We had better look at these proposals in a realistic way. There is no justification for getting up here and making vote-catching speeches. We all of us must realise that the exigencies of the past five years, the need to maintain ourselves free and at peace, have involved this State in heavy commitments, commitments which will have to be discharged during and within the next 20 or 30 years, commitments which will have to be met each year out of taxation until they have been redeemed.

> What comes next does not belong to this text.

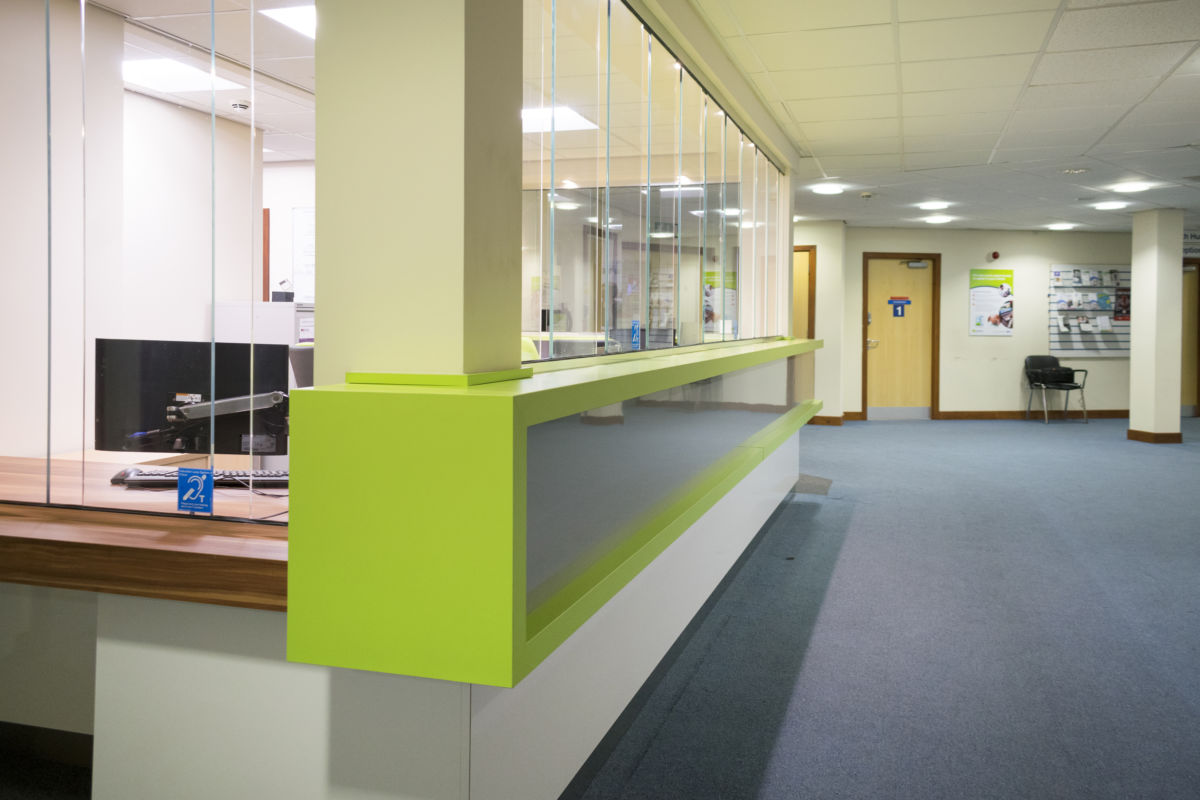 Healthcare - Enki medical prctice waiting room reception desk with protective glazing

To build the 60,000 cottages, which would be affected by this Bill, the local authorities and the State between them have already accepted a liability for capital sums amounting almost to £11,000,000. When these cottages were built, there was an understanding that the cost of them would be borne by three interests, by the tenants, by the local authorities and by the State. In order to meet the view that it would be socially advantageous if tenants of existing cottages were enabled to become owners the Act of 1936 was passed; it enabled any tenant of a cottage who fulfilled the qualifying conditions of the Act to become the owner ultimately of any cottage in fee simple by the payment of a very modest annuity. The conditions prescribed assured to the tenant purchaser who was then paying rent an immediate reduction of cash payment of 25 per cent.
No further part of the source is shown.